Robert Winn earned his Ph.D. in the Early Christian Studies program at the Catholic University of America, and his degree focused on two examination areas: late antique history and Greek and Latin patristics. His research interests include religious and intellectual history in Late Antiqiuity and the early Middle Ages. Prior to joining Northwestern’s faculty, he was a visiting professor at Creighton University in Omaha, Nebraska. Dr. Winn is the author of Eusebius of Emesa: Church and Theology in the Mid-Fourth Century, which was published by The Catholic University of America Press in 2011. His published articles have appeared in the Journal of Early Christian Studies and Vigiliae Christianae., and he has presented papers at the International Conference on Patristic Studies at Oxford University.

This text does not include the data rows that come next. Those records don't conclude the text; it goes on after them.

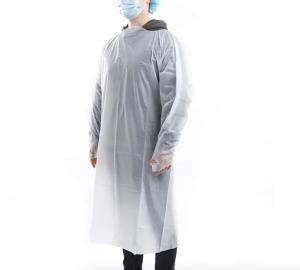 Wholesale Plastic Waterproof Disposable CPE Gown With thumb loop from china suppliers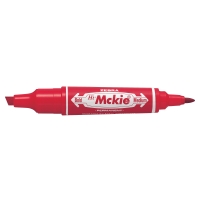 ZEBRA MO150 HI-MCKEE TWIN TIP MARKER BLK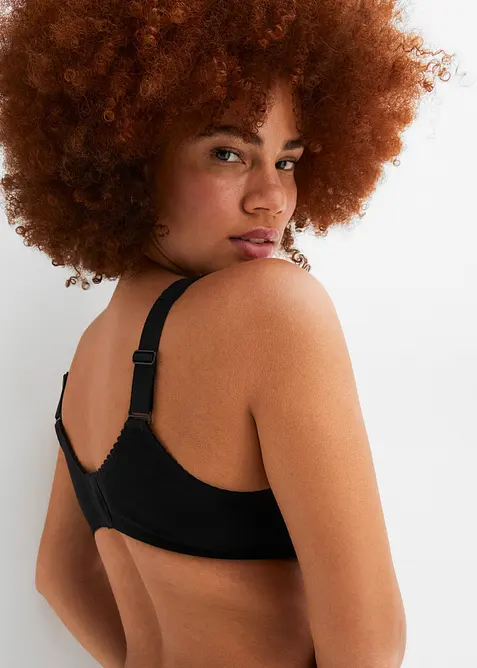 BH uten b&oslash;yle, med &oslash;kologisk bomull (2-pack), bonprix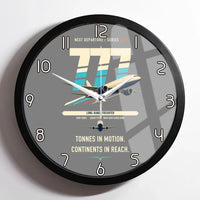 Thumbnail for Boeing 777F design on gray framed wall clock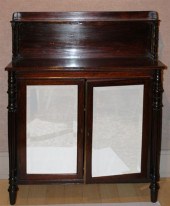 Regency Style Mahogany Chiffon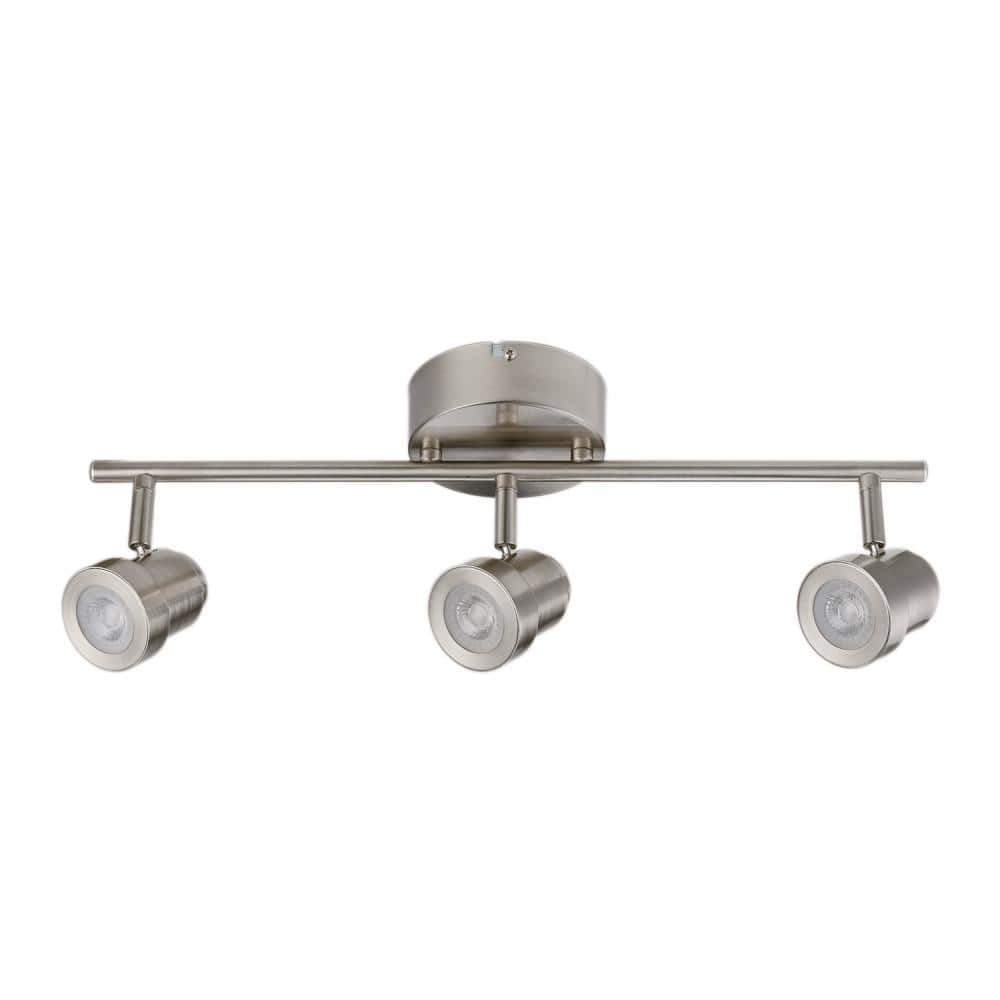 Hunter Collection 3-Light Brushed Nickel Track Lighting 20-Watt LED Integra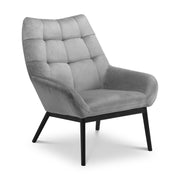Lucerne Velvet Chair - Grey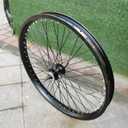 DONSP1986 26 inch x 1.85" Heavy Duty Bicycle Rear Wheel Rim 12 Gauge, Double Wall Aluminum Alloy 48 Spokes Wheel, 26" Bike Rear Rim 135mm (Black) Disc Brake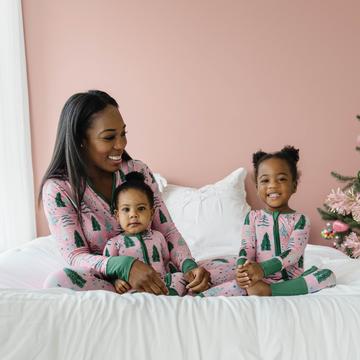 Twinkling Trees Women's Bamboo Viscose Pajama Top | Pink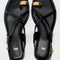 FLAT STRAPPY SANDALS WITH METAL ADORNMENT
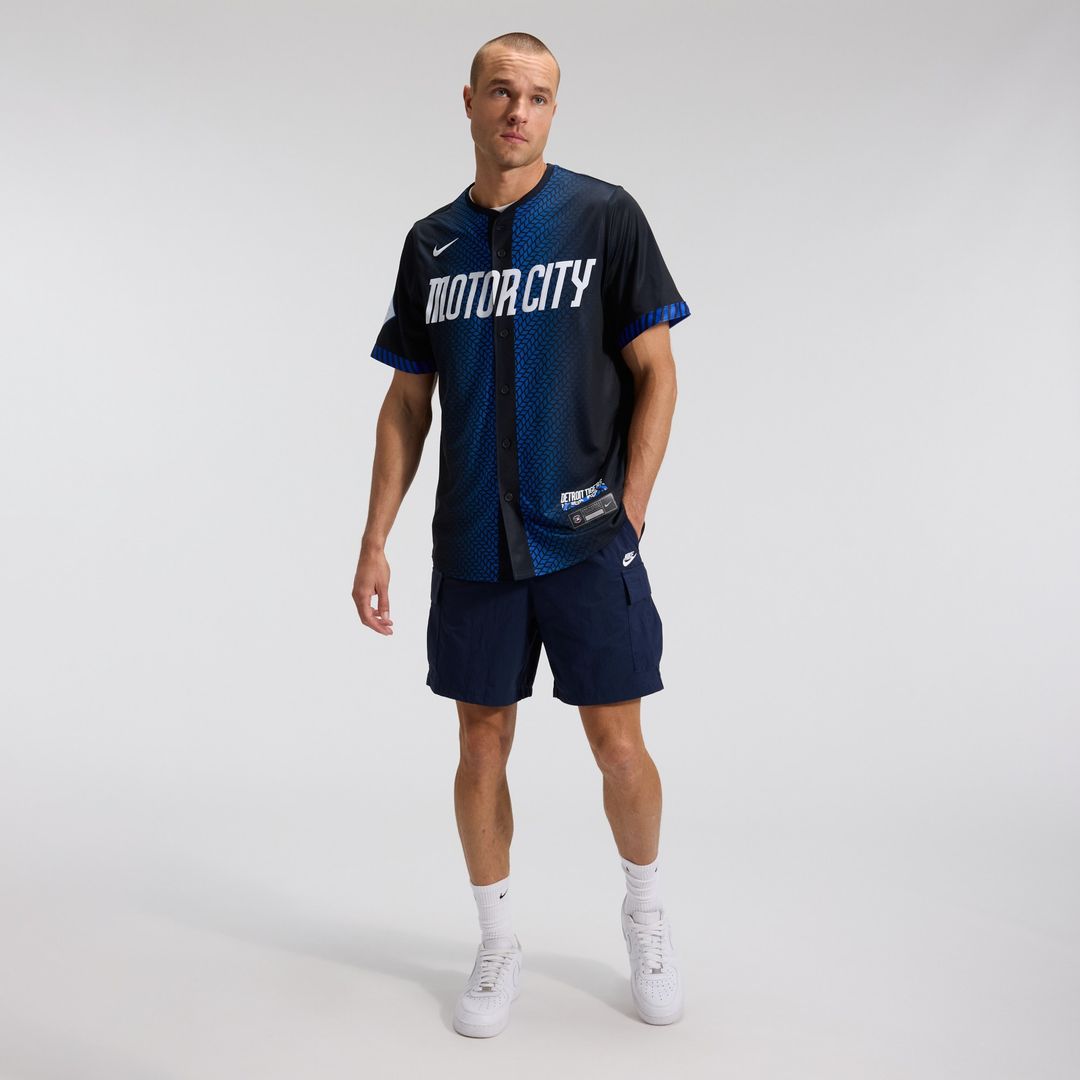 Detroit Tigers Nike City Connect Limited Jersey - Blue MLB Team Jersey Baseball Fan Apparel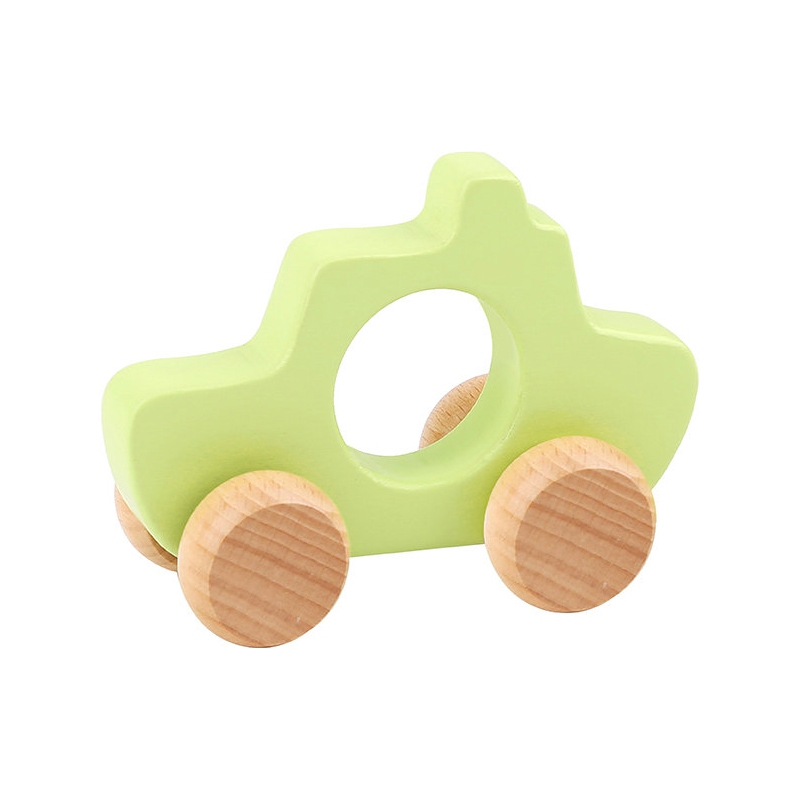 TOOKY TOY medinis automobilinis stumdomasis laivas vaikams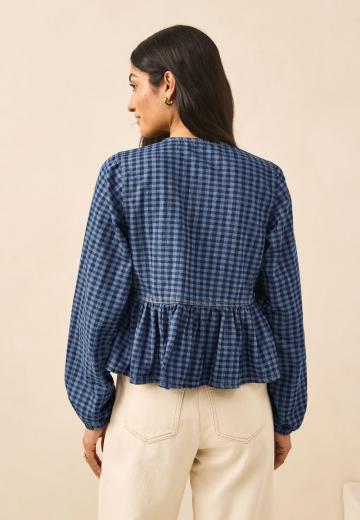 Джинсовая блузка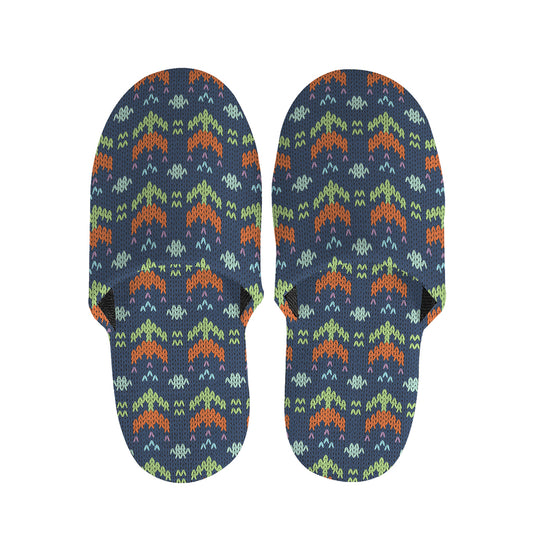 Flower Knitted Pattern Print Slippers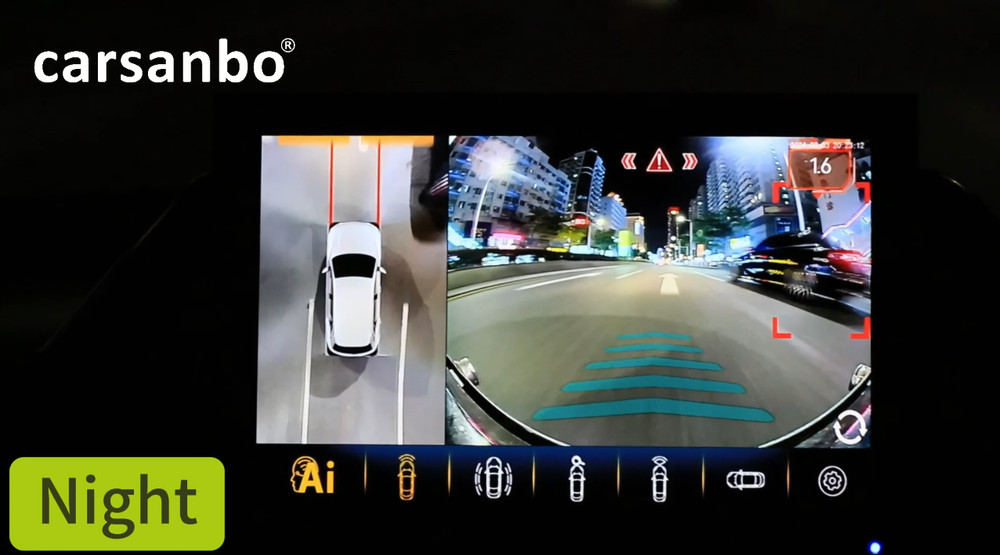 3D Multi-View System Host Blind Spot Backup View Camera Collision Warning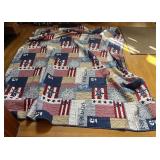Nautical Quilt  7'x 9'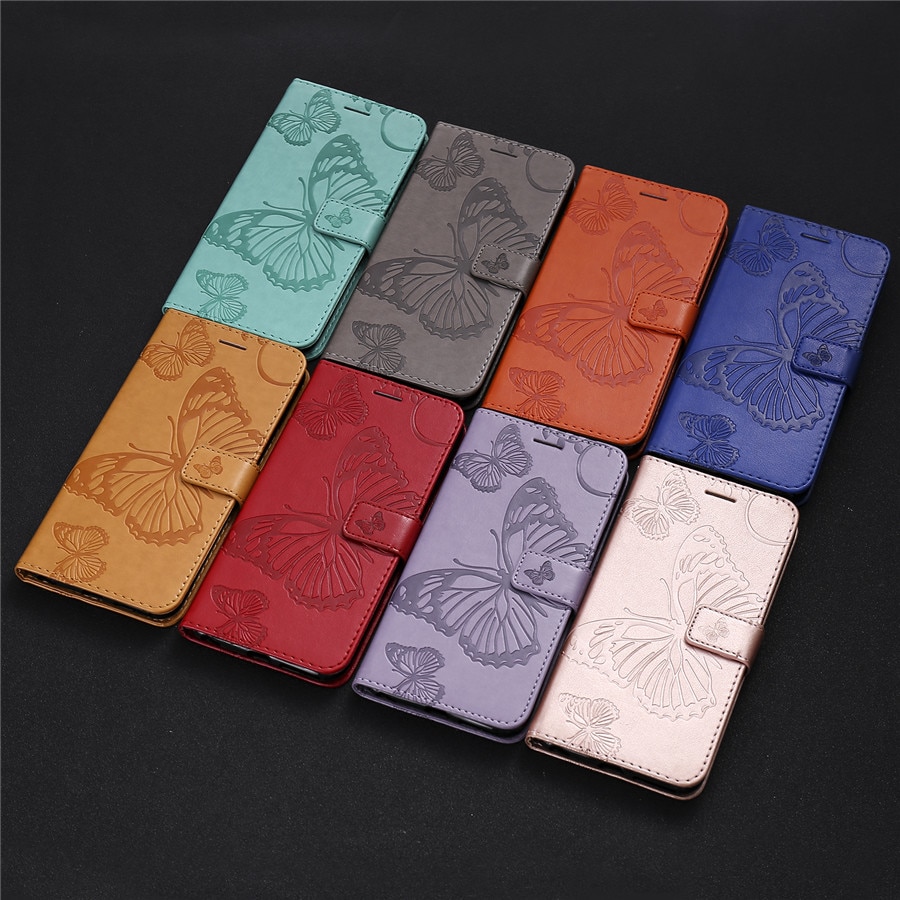Case Huawei nova 3 #เคสฝาพับหนัง PU Imprint Butterflies Pattern สีสันสวยงามทันสมัย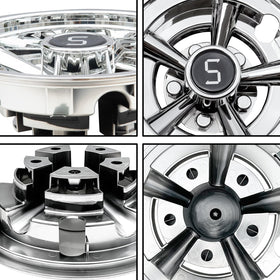 Shu-Ran hub caps stay securely in place during rides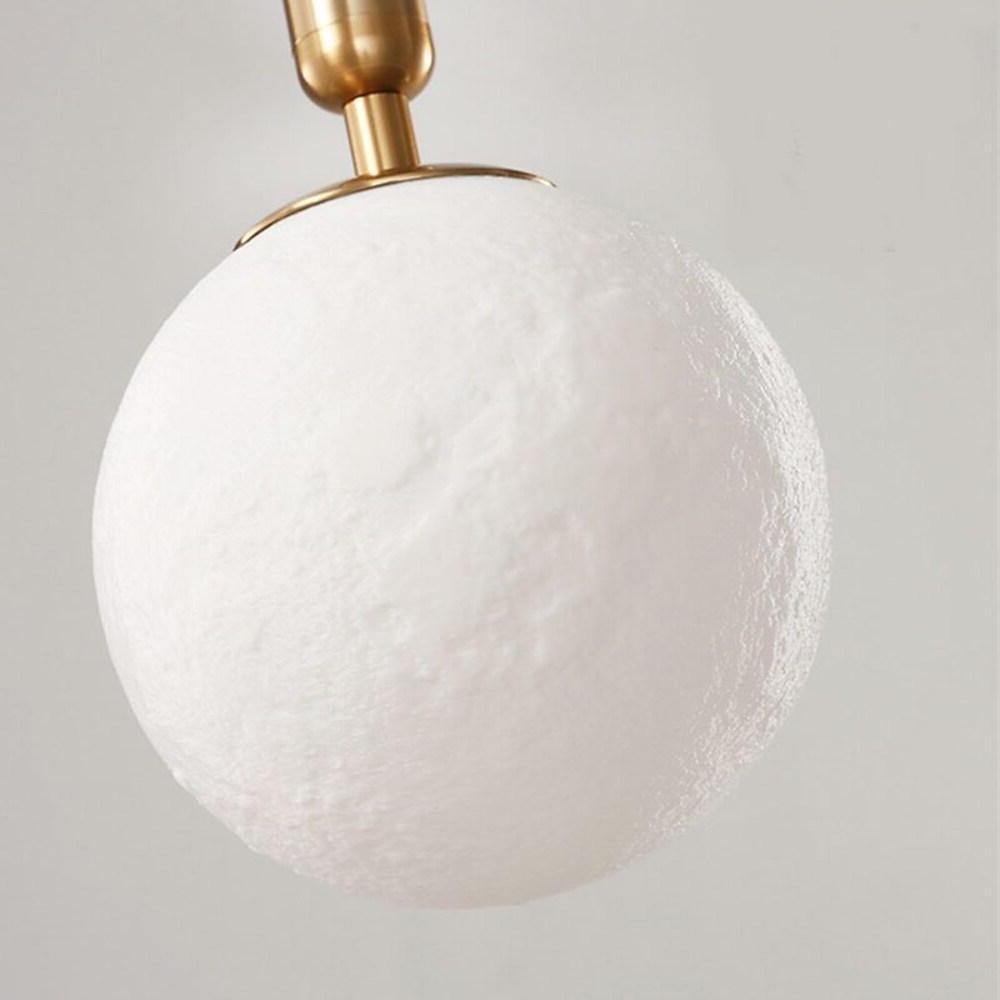 Modern Moon Globe Pendant Light Metal Acrylic Ceiling Lights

His most recent conference papers, both read at the International Congress on Medieval Studies (2011 and 2012), were entitled “Lessons from Lesser Kings: Books IV and V of Bede’s Historia Ecclesiastica” and “On Avarice: Eusebius of Emesa and John Chrysostom.”

Winn currently has two long term research projects: (1) a study of Bede as an exegete and historian in the context of early medieval historiography and (2) a book intended for an undergraduate audience that surveys the political and religious history of the late Roman Empire and early Middle Ages. It is tentatively titled Empire and Church from Constantine to Charlemagne.